(Items listed in a dataset)
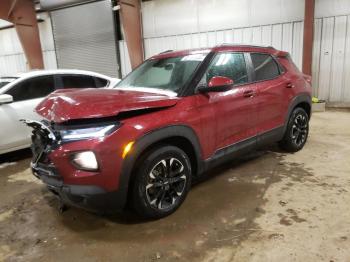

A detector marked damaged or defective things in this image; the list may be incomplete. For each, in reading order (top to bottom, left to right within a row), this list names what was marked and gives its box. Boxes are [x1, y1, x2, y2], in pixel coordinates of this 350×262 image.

crumpled hood [36, 87, 178, 123]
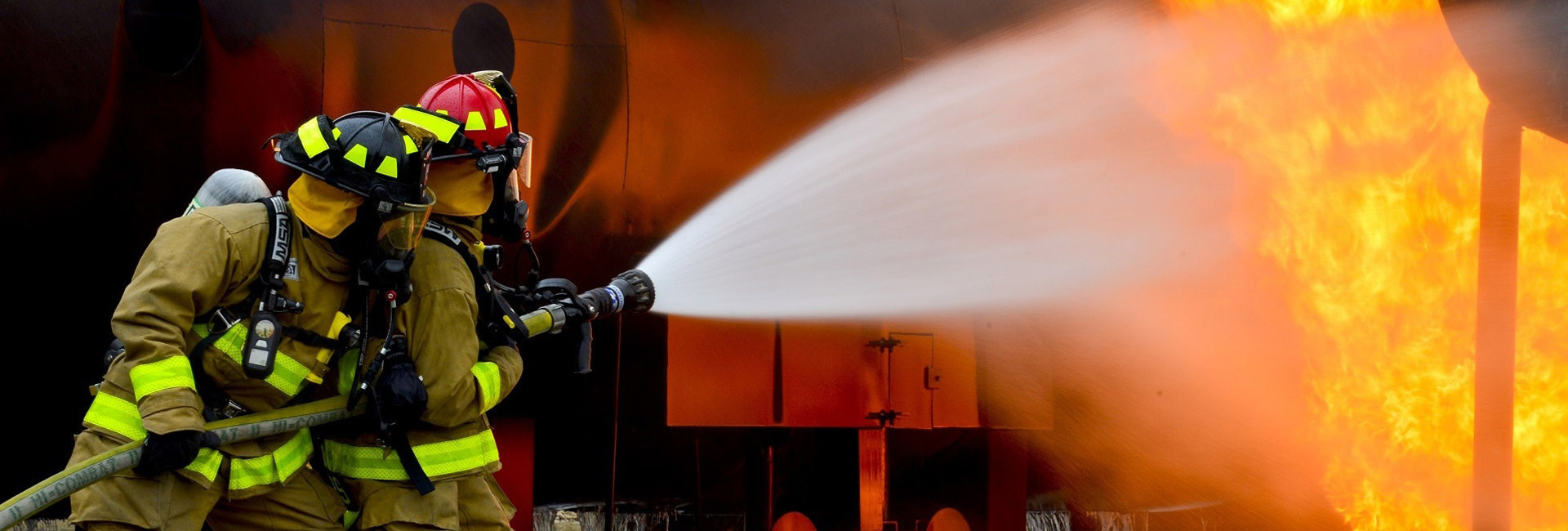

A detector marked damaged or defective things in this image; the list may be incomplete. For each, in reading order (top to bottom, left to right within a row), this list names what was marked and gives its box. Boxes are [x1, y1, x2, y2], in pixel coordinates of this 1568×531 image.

rusty metal structure [6, 2, 1059, 529]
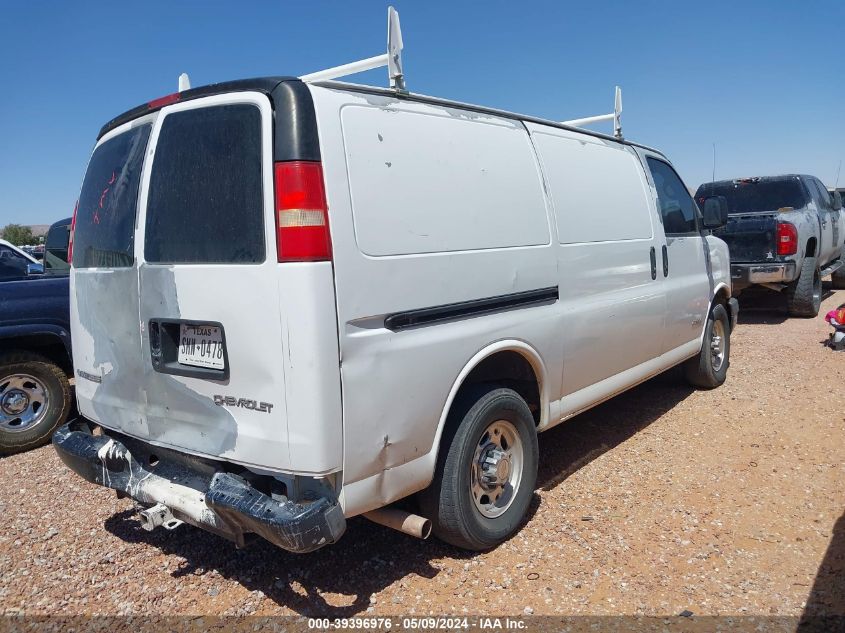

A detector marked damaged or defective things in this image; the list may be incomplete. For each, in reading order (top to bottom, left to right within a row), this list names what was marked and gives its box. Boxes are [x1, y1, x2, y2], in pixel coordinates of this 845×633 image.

dent in rear quarter panel [306, 85, 564, 520]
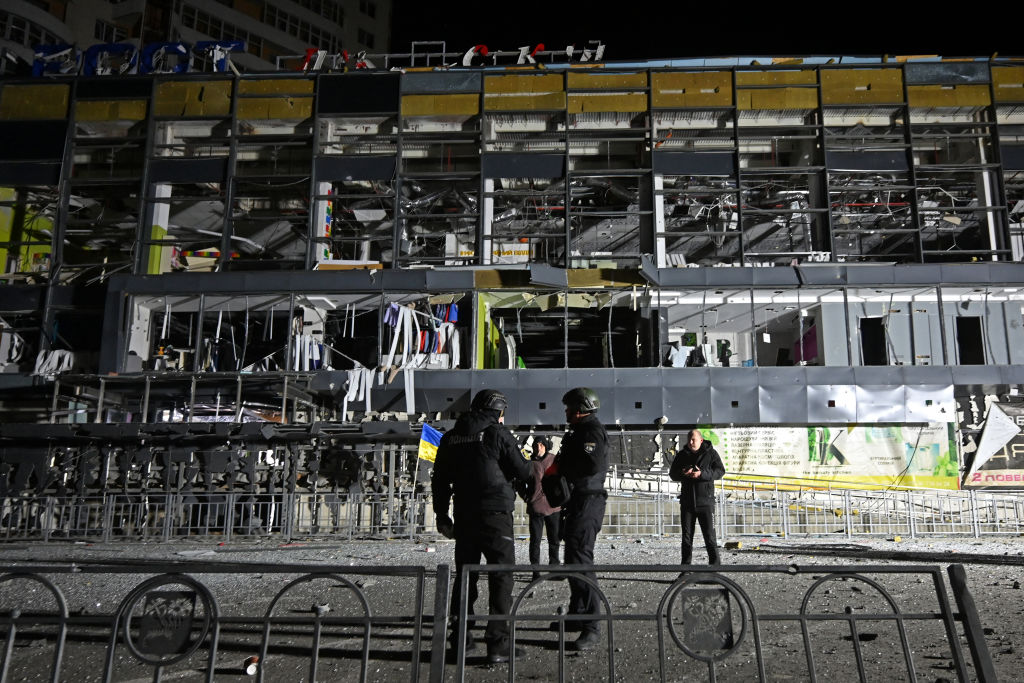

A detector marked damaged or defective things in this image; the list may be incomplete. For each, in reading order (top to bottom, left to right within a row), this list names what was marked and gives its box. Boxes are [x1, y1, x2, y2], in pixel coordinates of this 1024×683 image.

damaged building facade [2, 52, 1024, 540]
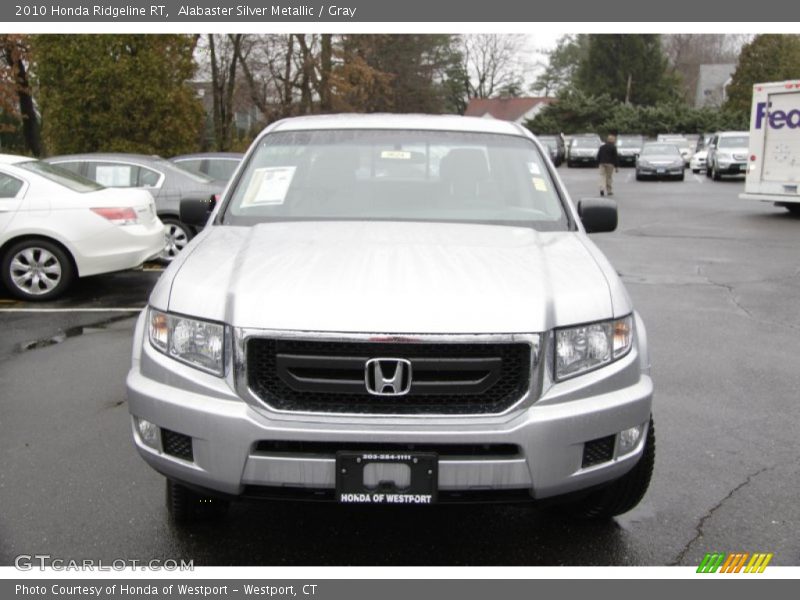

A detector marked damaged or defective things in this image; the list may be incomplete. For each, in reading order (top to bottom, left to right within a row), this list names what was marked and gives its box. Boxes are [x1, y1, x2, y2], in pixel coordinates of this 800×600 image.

pavement crack [672, 464, 772, 568]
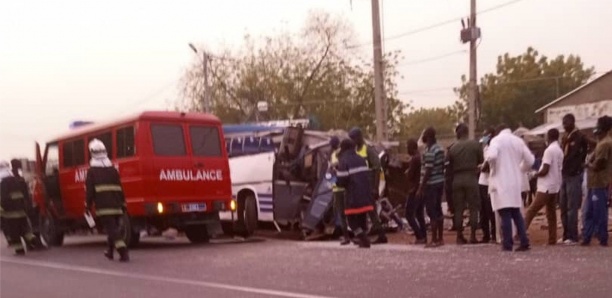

• **Activity**: Could you transcribe exactly the lines from the one with "this 800×600 image." through the end of the data, both ends included, and nothing else, skipping the pictures?

• **Completed task**:
A detector marked damaged or defective things in this image; the list may be incomplete. For each, in reading order (top to bottom, left to right within a row), this list names what was marked and gives its box. Boxes are [x1, y1, x2, y2], in pixel coordinates of this 800×600 image.

pavement crack [672, 464, 772, 568]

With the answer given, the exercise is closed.